Gov. Brown is leading Big Business’s attempt to break out of the terrible box of the environment, that thing of Nature that does not grow infinitely as capitalism must. The Brown administration attack on the offensive environmental box is three-pronged: build peripheral tunnels to dewater the Delta and provide water security to the south Bay Area, Westlands Water District and Metropolitan Water District of Southern California; build a bullet train from LA to San Francisco and Sacramento; and gut CEQA like Congressional Republicans and Blue Dog Democrats tried to gut the Endangered Species Act back when former Rep. Richard Pombo, Buffalo Slayer-Tracy, was chairman of the House Resources Committee.

We are fortunate to have our leaders’ arguments briefly outlined by its principle legal advocate, James Moose, of Remy, Moose, & Manley, a prestigious Sacramento environmental defense firm. Since, in CEQA, members of the public must bring a suit against the local land-use authority and the real party of interest (private or public developer whose EIR has been approved by the authority), "defense" in this instance means that Moose's firm represents private and public developer respondents against the public.
 
Moose is leading a group of “like-minded” CEQA attorneys in their attack on CEQA and he lists himself as “outside counsel” on both the California High Speed Railroad and the Bay-Delta Conservation Plan (the peripheral tunnels).
According to a list of published cases posted on his firm's website, up until 1995 Moose he represented mainly citizen plaintiffs in CEQA suits; but after he had been properly trained by those groups in CEQA law, he switched sides and went with the big money respondents, which he is representing today in the efforts to gut CEQA.

Moose has four basic changes he wishes to see: (1) avoid lawsuits if possible; (2) speed up the process; (3) changing the way attorney fees are charged; and (4) allow courts to conduct discovery on citizens groups suspected of being fronts for economical rather than environmental interests (unions and supermarkets funding a CEQA suit against WalMart.
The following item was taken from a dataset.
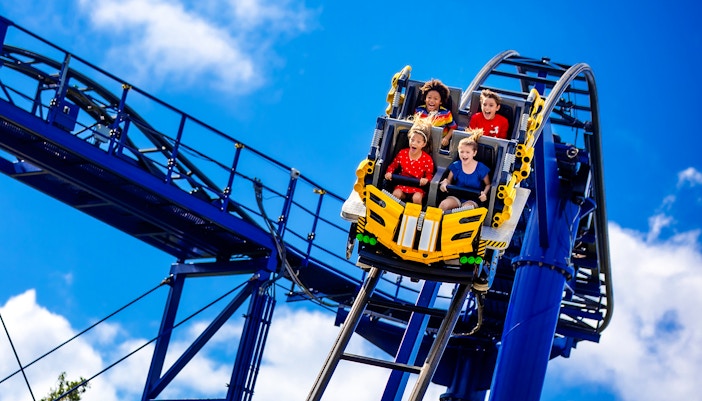 Riders on The Great LEGO Race roller coaster at Legoland Florida.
As representatives of plaintiff groups that have brought CEQA suits against a variety of public and private developers, these are our responses.
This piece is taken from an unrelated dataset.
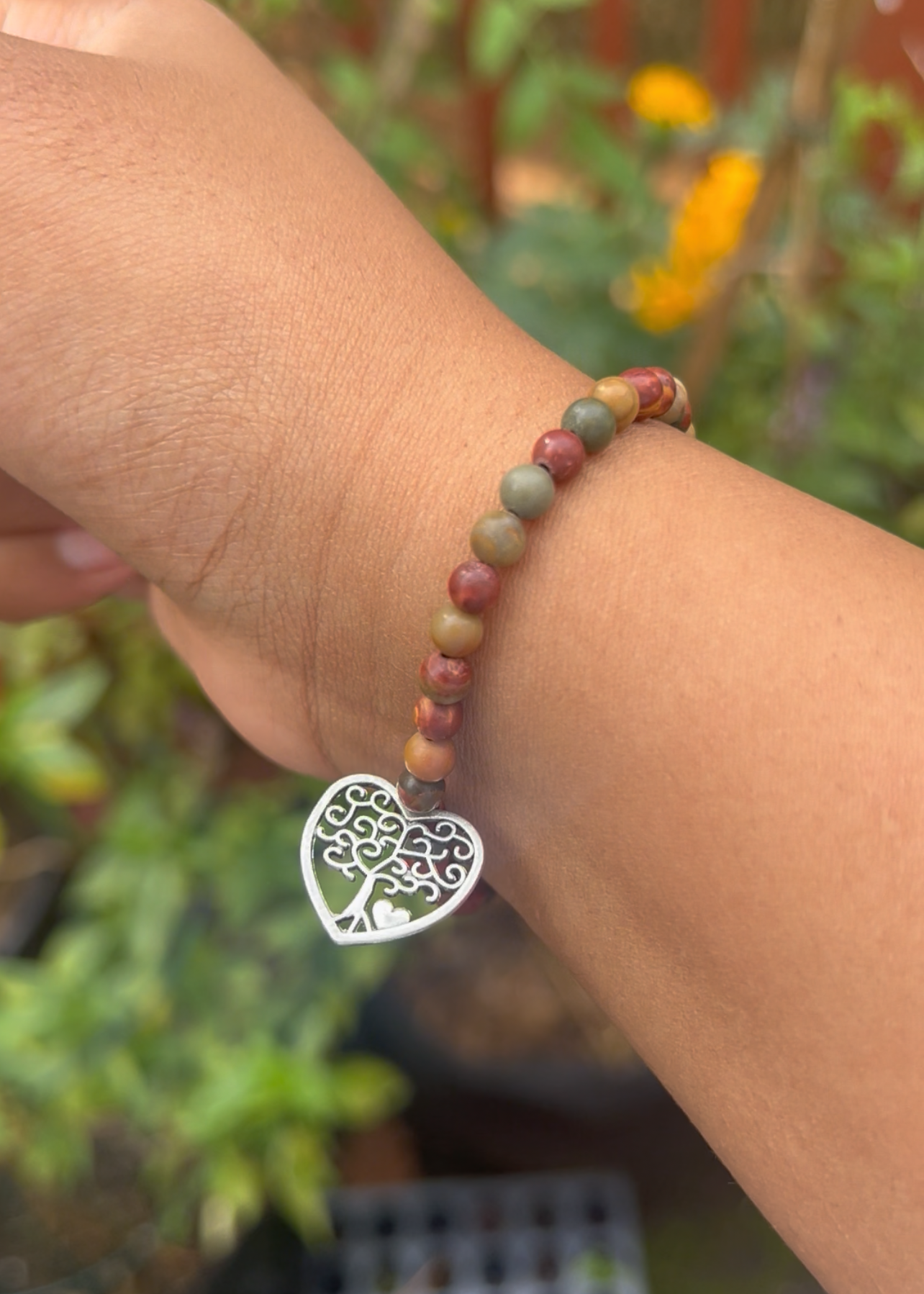 Bracelet with a tree-shaped charm on a wrist against a blurred outdoor background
(1) The idea of project proponents "voluntarily" proposing strict mitigation measures for projects in lieu of preparing an EIR that can be legally challenged sounds extremely reasonable until you ask: who will enforce the measures? When a CEQA suit is settled without going to trial, mitigation measures are agreed to and the settlement has the authority of the court. Without that authority and recourse, the public will be left to depend on the voluntary commitment of developers?
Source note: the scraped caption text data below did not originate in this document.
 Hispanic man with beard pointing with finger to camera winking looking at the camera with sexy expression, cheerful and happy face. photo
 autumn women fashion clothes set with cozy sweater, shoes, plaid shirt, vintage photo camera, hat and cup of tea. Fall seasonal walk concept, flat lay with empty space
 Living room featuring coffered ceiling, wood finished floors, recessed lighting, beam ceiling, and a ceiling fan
(2) We believe Moose's second point is at least partly bogus. It has been our experience that developers are not held up by CEQA lawsuits but charge fiercely forward while litigation is on-going. So we wonder what he is really driving at. In any event there is already the remedy of the "supplemental EIR" that addresses deficiencies in a document the court finds otherwise acceptable. We suspect something like a new type of CEQA motion may be in the works, whereby the respondents ask the court to determine the "importance" of the project, in determining whether it will entertain a CEQA suit against it.

In fact, given that Moose describes himself as "outside counsel" for both the California High Speed Railroad and the Bay-Delta Conservation Plan (the peripheral tunnels), this sounds like pleading -- not for the general health of CEQA -- but on behalf of two monstrous, controversial and over-priced public works projects that will quite possibly created more environmental damage than it will improve the environment.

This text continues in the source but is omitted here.